Si ma ricordiamoci che tutte queste riviste sono sponsorizzate da m$ ...

----------

## nomadsoul

pure io sarei per la email di segnalazione..

a dire il vero propenderei di più per la querela...

è disinformazione palese questa...

pubblicità negativa gratuita e infondata..

----------

## Geps

due righe di mail tranquilla con link a http://www.gentoo-portage.com/ e l'invito a leggere la prima riga (16501 ebuilds, 8104 Packages, Last Updated At 00:05:46 GMT).

----------

## federico

 *nomadsoul wrote:*   

> a dire il vero propenderei di più per la querela...

 

Se dovessimo fare una denuncia per ogni volta che dicono una stronzata riguardo linux ci sarebbe solo la lista da fare, iniziando dalle riviste specialistiche per linux che pubblicano pubblicita' contro linux.
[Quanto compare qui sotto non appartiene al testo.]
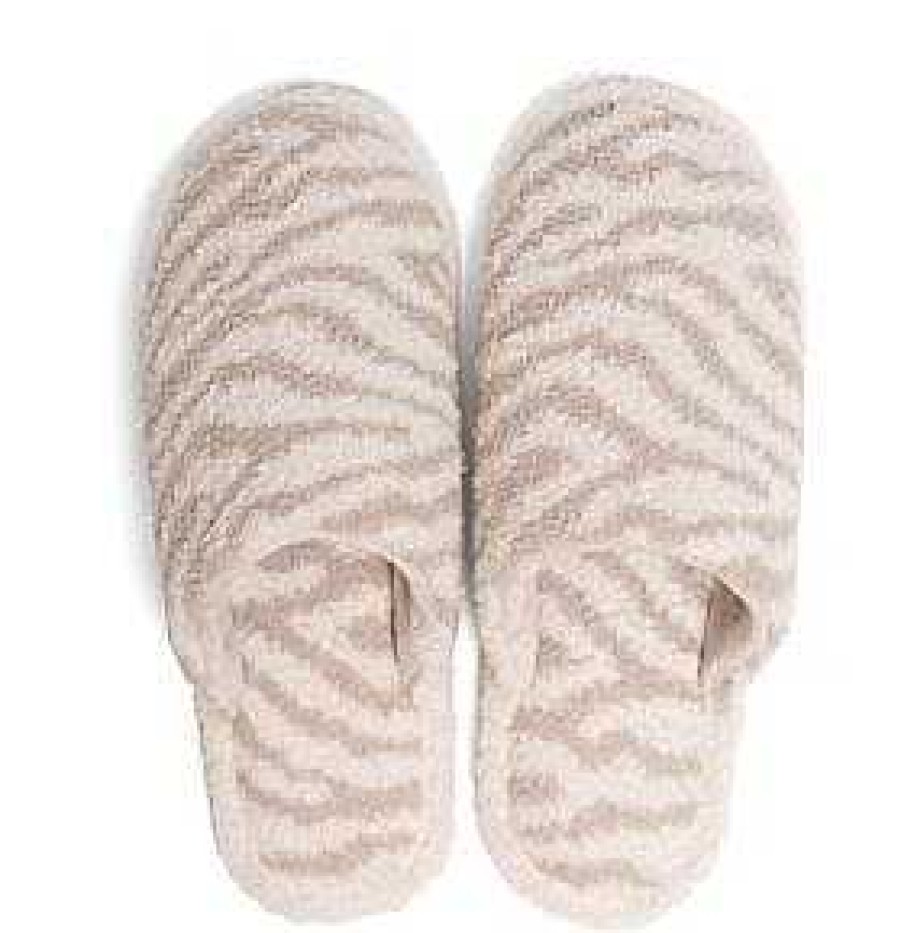 Shoes Prep Obsessed JTC | Zebra Fuzzy Slippers - Beige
Meglio ignorare questi loschi figuri e spendere i nostri soli in miglior modo.

----------

## Neomubumba

Di riviste io ne ho comprate a palate e te lo assicuro queste come Pc Magazine, Pc World etc etc sono buone solo per la carta patinata. Non ho mai trovato niente di interessante se non per magari le comparative dell'hardware e pochi altri servizi. Poi quando si mettono a parlare di Linux ed Open Source in generale non ne parliamo...
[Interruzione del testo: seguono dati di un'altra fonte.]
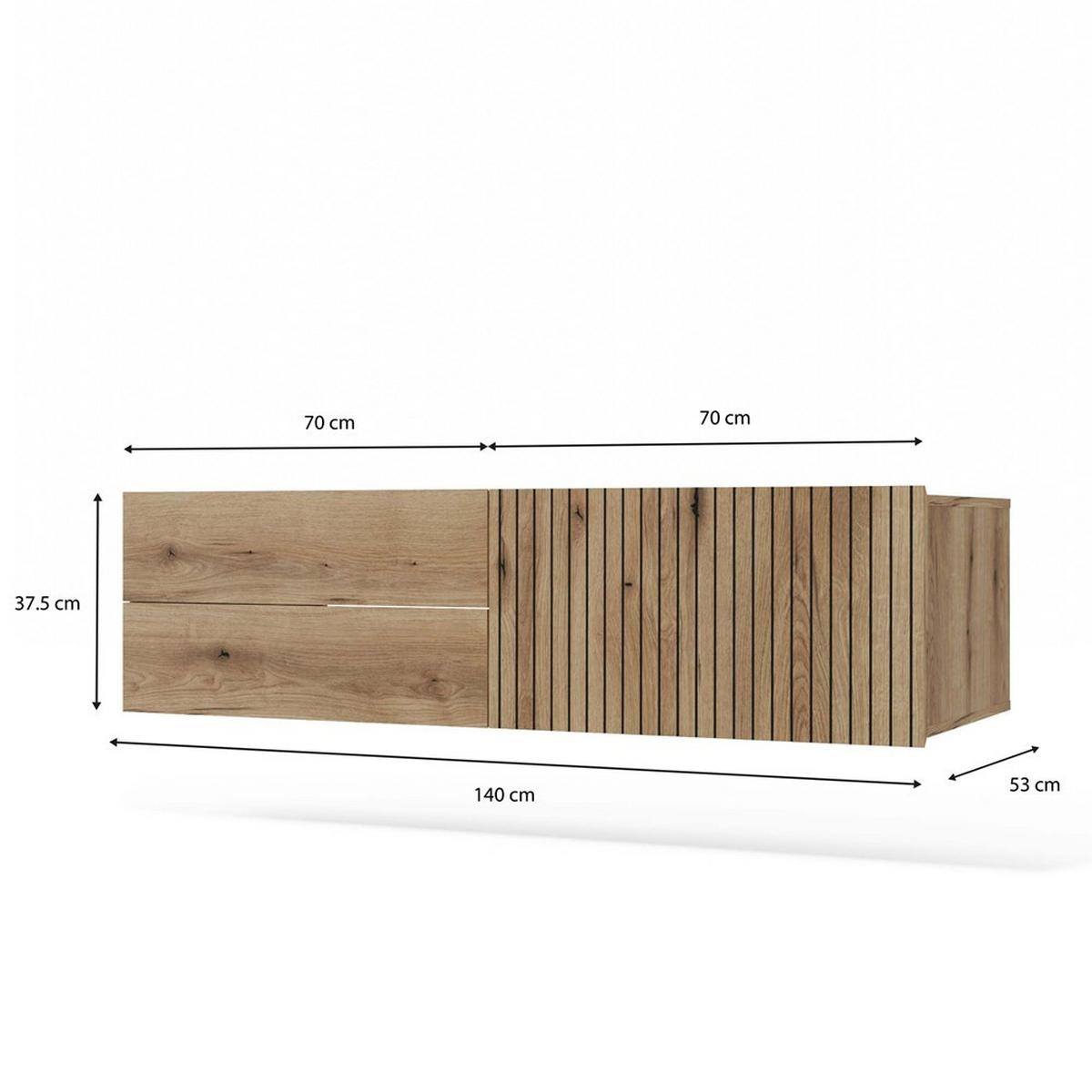 WASCHBECKENUNTERSCHRANK eiche 140/37,5/53 - Eichefarben, Holzwerkstoff (140/38/53cm) - RAUMHIRSCH FURNITURE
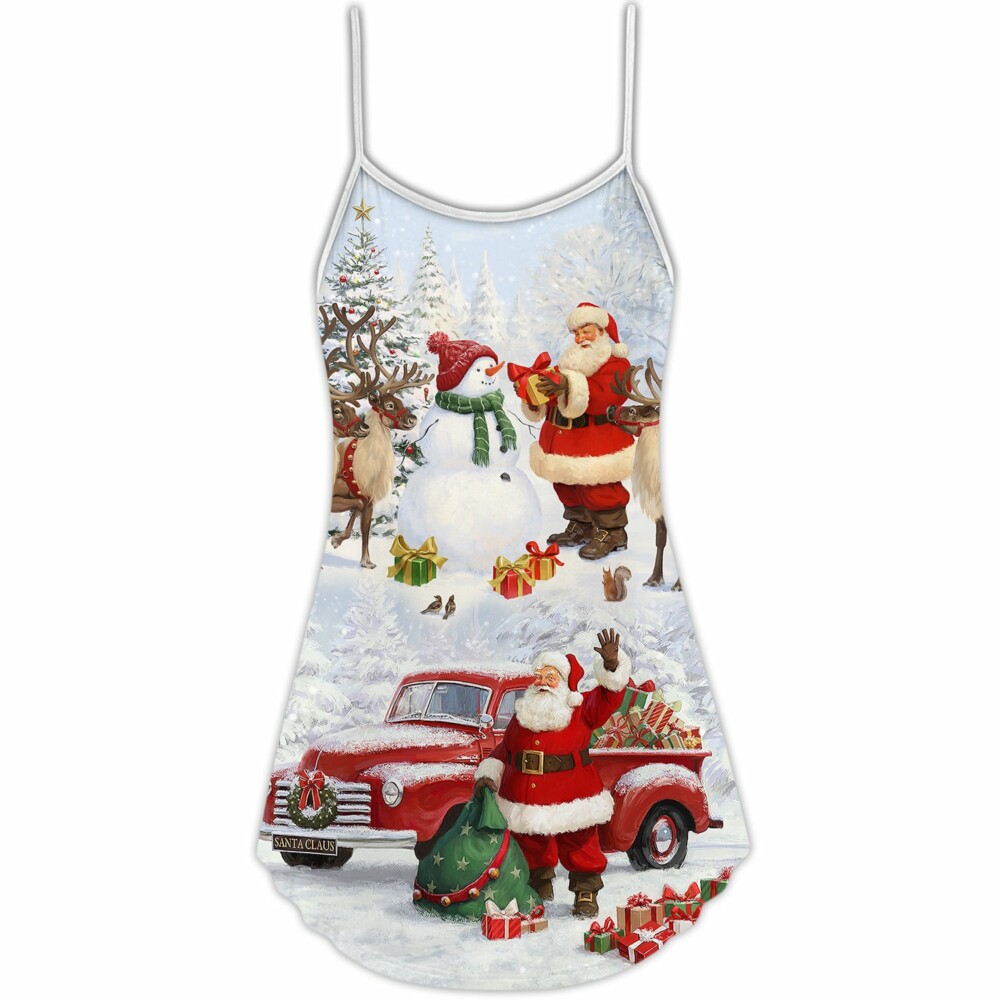Christmas Santa Claus Gift For Xmas Snow Painting Style - V-neck Sleeveless Cami Dress - Owl Ohh - Owl Ohh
Sembra di sentire il classico UTONTO Windows che non ha mai visto ne provato un OS Linux (anzi che in fondo in fondo è ancora convinto che Linux sia un programma strano degli hacker, quelli cattivi mi raccomando!!! i cracker, ma non andarglielo a spiegare perchè altrimenti va a pensare ai cereali!).

Le uniche riviste che ritengo utili, con i loro limiti e pecche, sono IMHO Linux Magazine, Linux Pratico, Linux PRO e Linux&C.. Almeno loro sanno di cosa parlano (anche se a volte ne hanno dette grosse magari). Poi che io conosca c'è come molto valida OpenSource.net che è interessante.
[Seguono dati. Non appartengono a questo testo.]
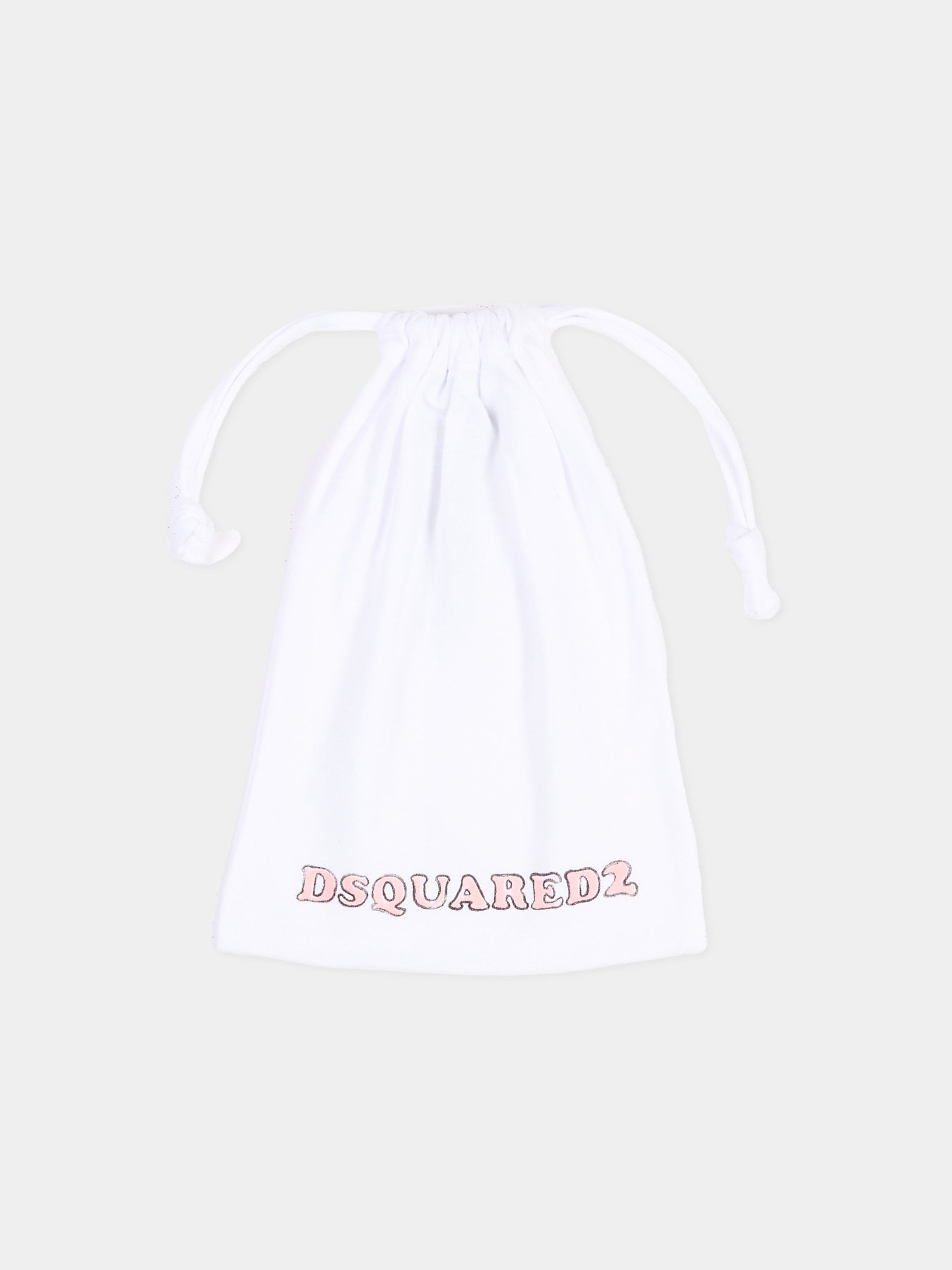 Body bianco per neonata con logo,Dsquared2,DQ3520 D0A8U DQ100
E comunque è risaputo tutte quelle riviste come PC Magazine parlano solamente di Programmi per Windows o comunque in quell'area. E' come chiedere ad un cieco di descrivergli la Gioconda. Non possono!

Non volevo fare pubblicità alle riviste che ho nominato (non ci guadagnerei nulla) ma semplicemente dirvi l'esperienza e quello che ho provato dopo aver letto quelle altre riviste.

Tutto cioò ovviamente IMHO (LMOAR)!!!

----------

## SilverXXX

L'avesse detto una rivista seria come pc professionale mi sarei preoccupato, ma se l'ha detto pc magazine, non è cos' importante. Certo però una mail per una veloce rettifica ci starebbe.

----------

## comio

 *SilverXXX wrote:*   

> L'avesse detto una rivista seria come pc professionale mi sarei preoccupato, ma se l'ha detto pc magazine, non è cos' importante. Certo però una mail per una veloce rettifica ci starebbe.

 

io sono abbonato a pc prof da 10 anni... e ti assicuro che il livello è sceso veramente tanto... fai due conti

----------

## randomaze

 *comio wrote:*   

> io sono abbonato a pc prof da 10 anni... e ti assicuro che il livello è sceso veramente tanto... fai due conti

 

Dato che pensavo la stessa cosa 5 anni fa (sulla caduta di livello) direi che negli ultimi 5 anni non mi sono perso nulla.

Per fare due conti moltiplico il prezzo della rivista prima per 12 (come i mesi) e poi per 5 (come gli anni)?

----------

## molesto

a dire il vero anche io non la compro più... prima era un appuntamento fisso..

ora è tutta pubblicità...

certo però che Internet gli ha dato una bella mazzata a queste riviste di informatica "da edicola"   :Twisted Evil: 

----------

## Mistobaan

La domanda base che dovete porvi e' questa:

Uno che sa usare la gentoo secondo voi, va a lavorare a Pc magazine??

----------

## molesto

su linux magazine del mese scorso in una risposta a una lettera tipo

"quale distro" la redazione nel consigliare la solita mandrake community

diceva - di strisco e tra parentesi - che la preferita in redazione era gentoo.

Io credo che in gentoo riviva lo spirito delle prime distribuzioni di Linux (che è anche il motivo per cui mi sono riavvicinato a questo so) e che, pertanto, sia

destinata a rimanere un po' di 'nicchia' (ho detto nicchia, non minchia  :Laughing:  ) e

quindi 'trascurata' dal mondo non power user (? = looser user; down user; press start to begin user) sempre alla ricerca della 'perfezione'.

In tutto questo, comunque, unicuicumque suum, 

a ciascuno il suo, no?

Pc Magazine da chi fa copia e incolla per pubblicare la rivista? 

Dico, non se avete notato, ma sono tutte uguali!   :Rolling Eyes: 

----------

## Onip

io sono per la rettifica. la disinformazione non fa mai bene, a prescindere da chi la fa, dalla qualità della rivista in questione e della competenza dei lettori.

----------